Over 10x reduction in memory usage on average

Fidelity over 0.99 maintained

Comparable simulation time to state-of-the-art tools

Abstract

Full-state quantum circuit simulation requires exponentially increased memory size to store the state vector as the number of qubits scales, presenting significant limitations in classical computing systems. Our paper introduces BMQSim, a novel state vector quantum simulation framework that employs lossy compression to address the memory constraints on graphics processing unit (GPU) machines. BMQSim effectively tackles four major challenges for state-vector simulation with compression: frequent compression/decompression, high memory movement overhead, lack of dedicated error control, and unpredictable memory space requirements.
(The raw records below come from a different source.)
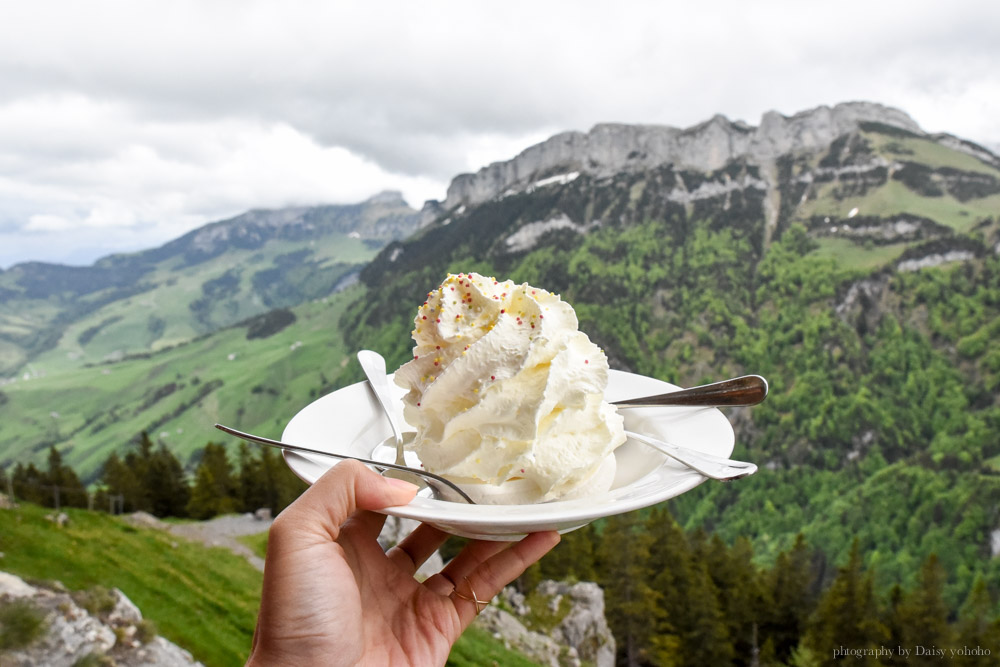 懸崖餐廳, 瑞士自助, 世紀最美餐廳, 瑞士自由行, 瑞士美食, 洞穴教堂, ebenalp, Appenzell, 阿彭策健行, Berggasthaus Aescher, 景觀餐廳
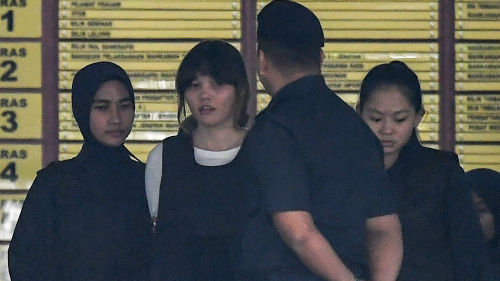 金正男被杀案于2日在马来西亚最高法院开审，两名女犯罪嫌疑人身穿防弹衣出庭。(16:9) 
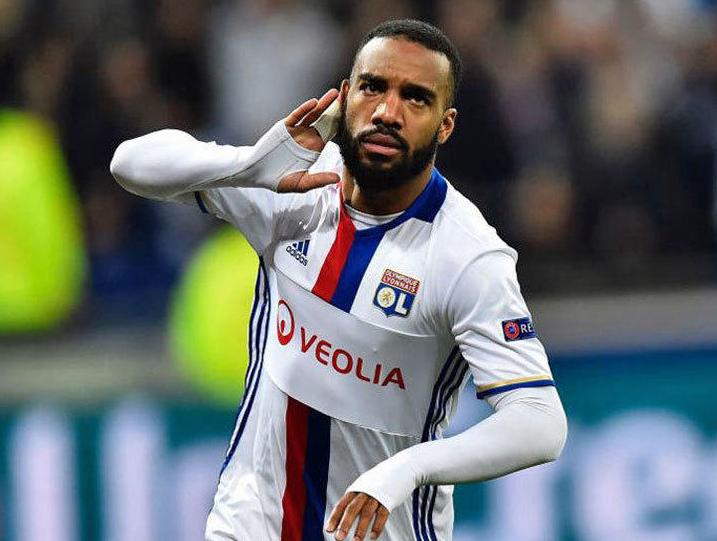 阿森纳对厄齐尔的处理,厄齐尔被阿森纳弃用的原因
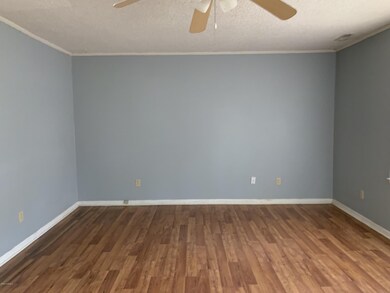 107 Royal Ct, Jacksonville, NC 28546 - photo 3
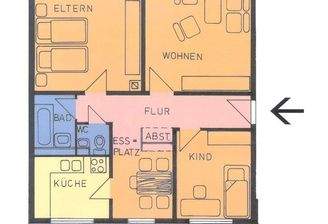 Grundriss mit Wohnzimmer, Kinder- und Schlafzimmer, Küche mit Essplatz, Bad, WC und Loggia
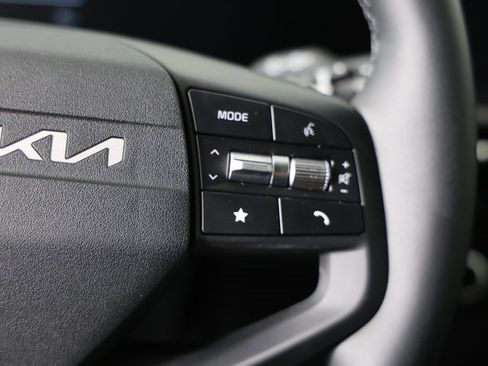 New 2026 Kia Sportage LX image 14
Our work proposes an innovative strategy of circuit partitioning to significantly reduce the frequency of compression occurrences. We introduce a pipeline that seamlessly integrates compression with data movement while concealing its overhead. Additionally, BMQSim incorporates the first GPU-based lossy compression technique with point-wise error control. Furthermore, BMQSim features a two-level memory management system, ensuring efficient and stable execution. Our evaluations demonstrate that BMQSim can simulate the same circuit with over 10 times less memory usage on average, achieving fidelity over 0.99 and maintaining comparable simulation time to other state-of-the-art simulators.